The Employment Opportunities Fund includes remaining Windfall Tax receipts and additional resources. Lower unemployment, reflecting the success of the New Deal, means that the Windfall Tax will continue funding the New Deal well into the next Parliament.

This ensures that successful initiatives including the New Deal 18-24 will continue to be funded into the future. The review also introduces new measures which will help to realise the Government's aim of employment opportunity for all, matching rights with responsibilities.

Measures include:

an enhanced New Deal 25 plus to be introduced from April 2001, as set out in Budget 2000;

the expansion of the new ONE service - integrating employment and benefit advice;

the national extension of the New Deal for Disabled People, with measures to help disabled people who want to work to find and remain in employment; and

increased start up funding to help create childcare provision, targeted towards disadvantaged areas.


Welcoming the outcome of the review, David Blunkett, Secretary of State for Education and Employment said:

"These measures build on the success of the New Deal, which has already helped 216,000 young people into work and which has been independently assessed as largely paying for itself through reduced benefit payments and extra tax revenue.
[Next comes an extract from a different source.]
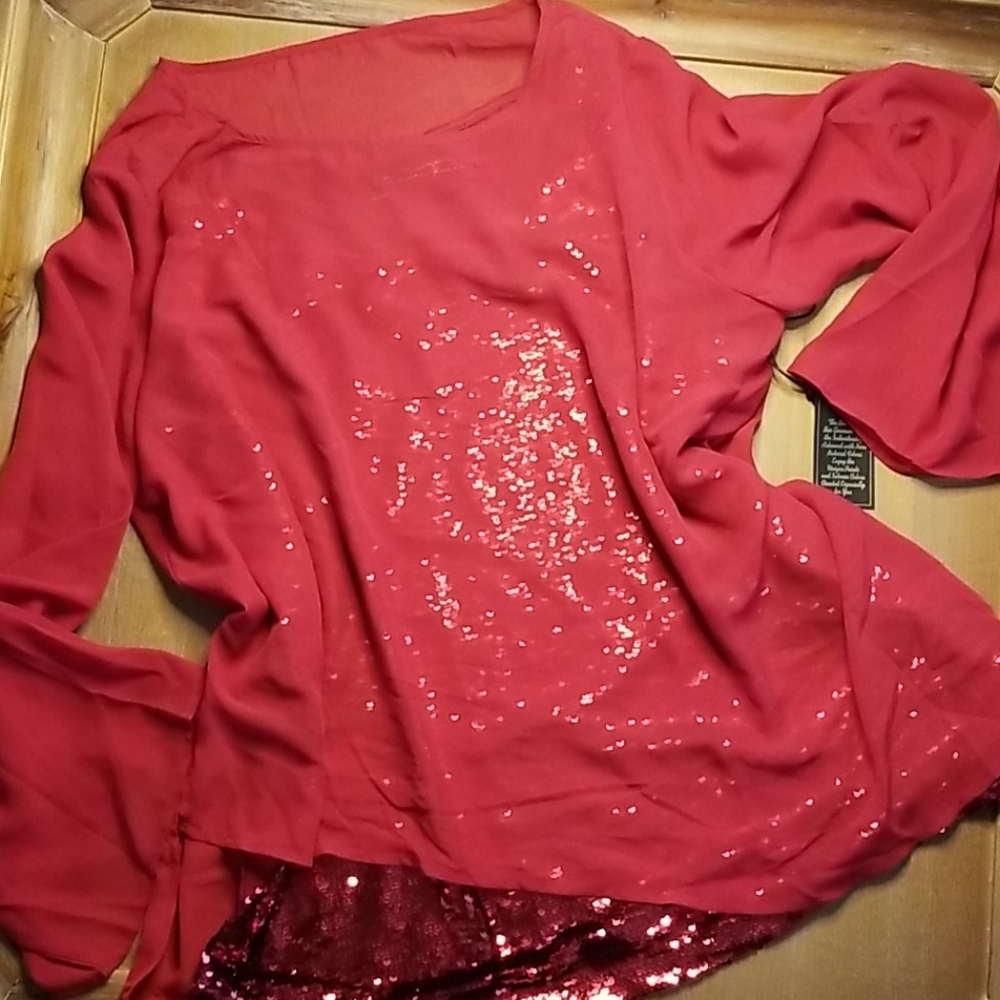 Plus DG2 Asymmetric Hem Sequin Top NWT
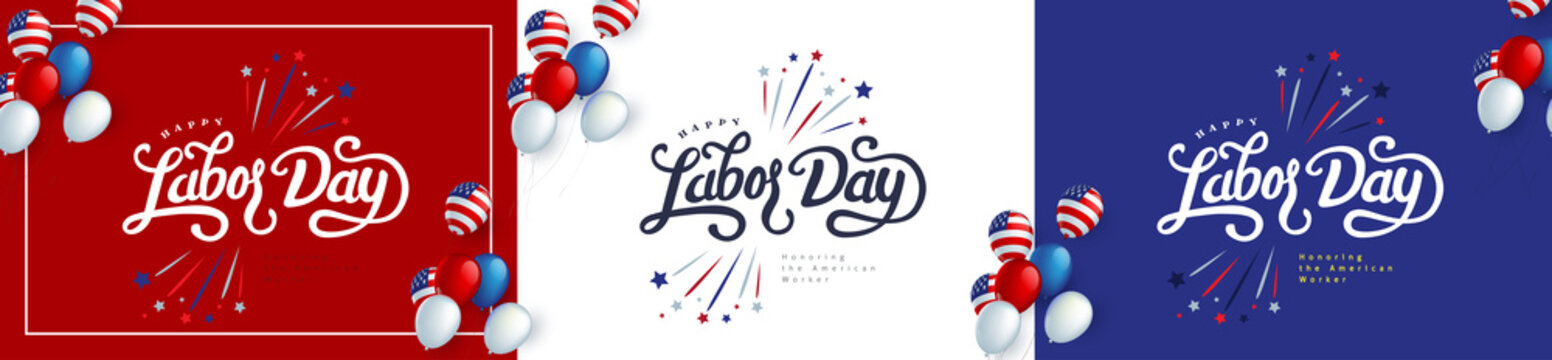 Happy labor day hand lettering background banner template decor with balloon flag of america .Vector illustration .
They will help deliver employment opportunity for all - the modern definition of full employment.

"We have seen considerable success - unemployment is at a 20 year low and there are more people in work than ever before. But there remains much to be done, more than one in six working-age households have no-one in work. Today we announce measures to help deliver work for those who can, and security for those who cannot."

The National Childcare Strategy will benefit from significant extra investment. This includes new funds to kick start provision in disadvantaged areas and provide grants and support for new childminders. There is also a business support package, to encourage the emergence and development of childcare businesses.